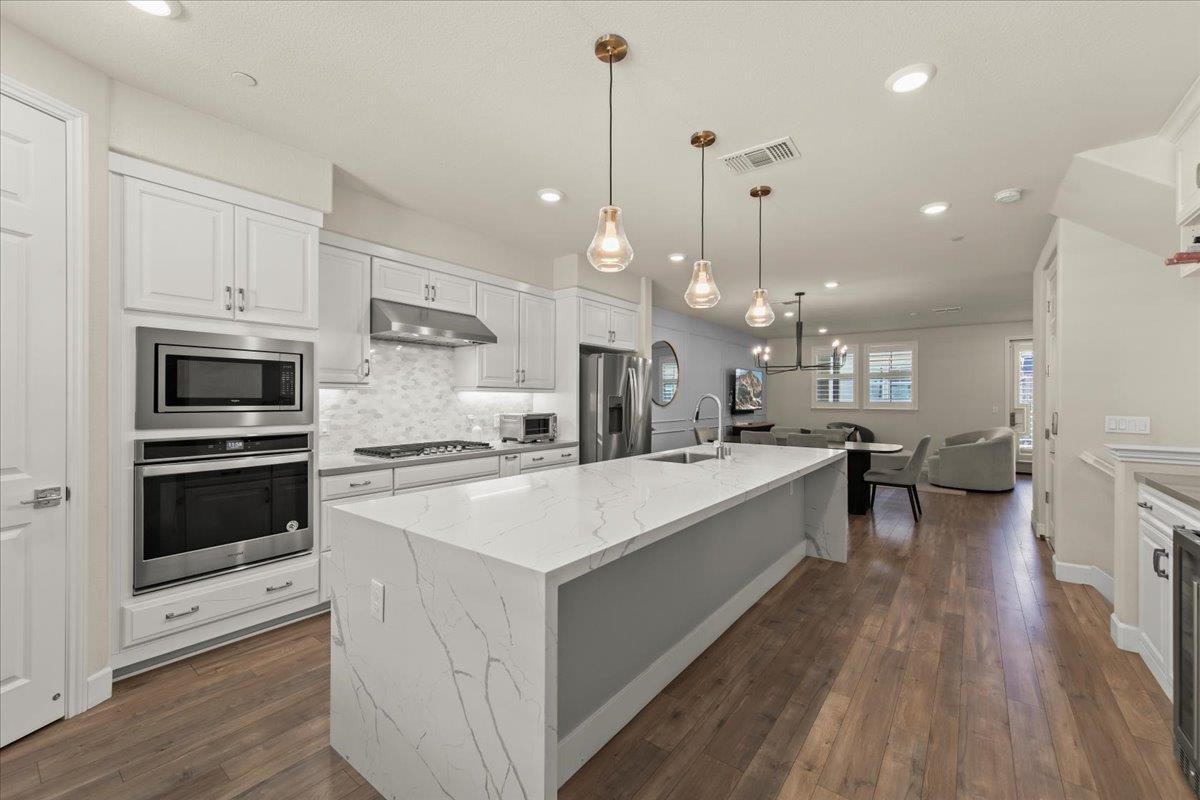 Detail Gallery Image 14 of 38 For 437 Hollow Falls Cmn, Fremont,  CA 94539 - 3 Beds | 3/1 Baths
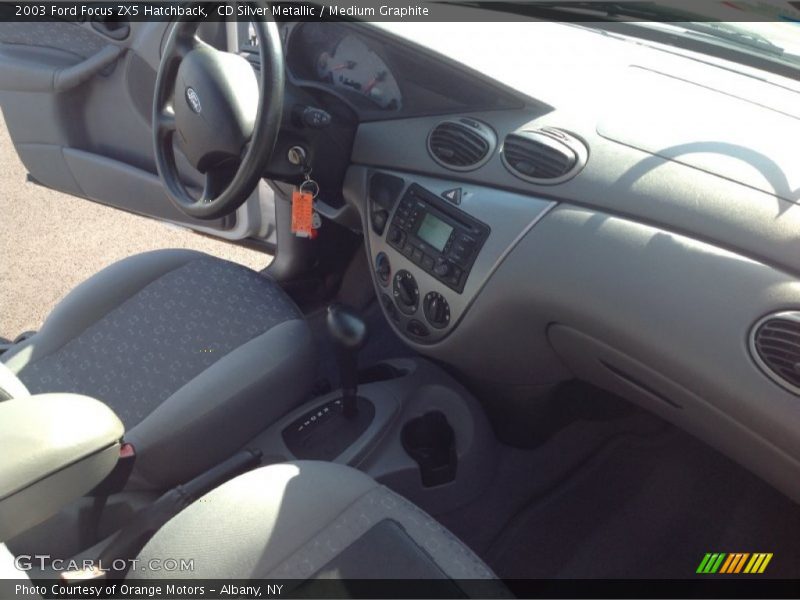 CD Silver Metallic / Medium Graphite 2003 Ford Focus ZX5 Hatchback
--
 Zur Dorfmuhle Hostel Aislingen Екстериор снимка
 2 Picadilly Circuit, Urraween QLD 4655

Work to complete: There is a run of lines above from the one with "Zur Dorfmuhle Hostel" to the one with "2 Picadilly Circuit, Urraween QLD 4655"; print exactly that run, both ends included, and nothing else.

Reply:
 Zur Dorfmuhle Hostel Aislingen Екстериор снимка
 2 Picadilly Circuit, Urraween QLD 4655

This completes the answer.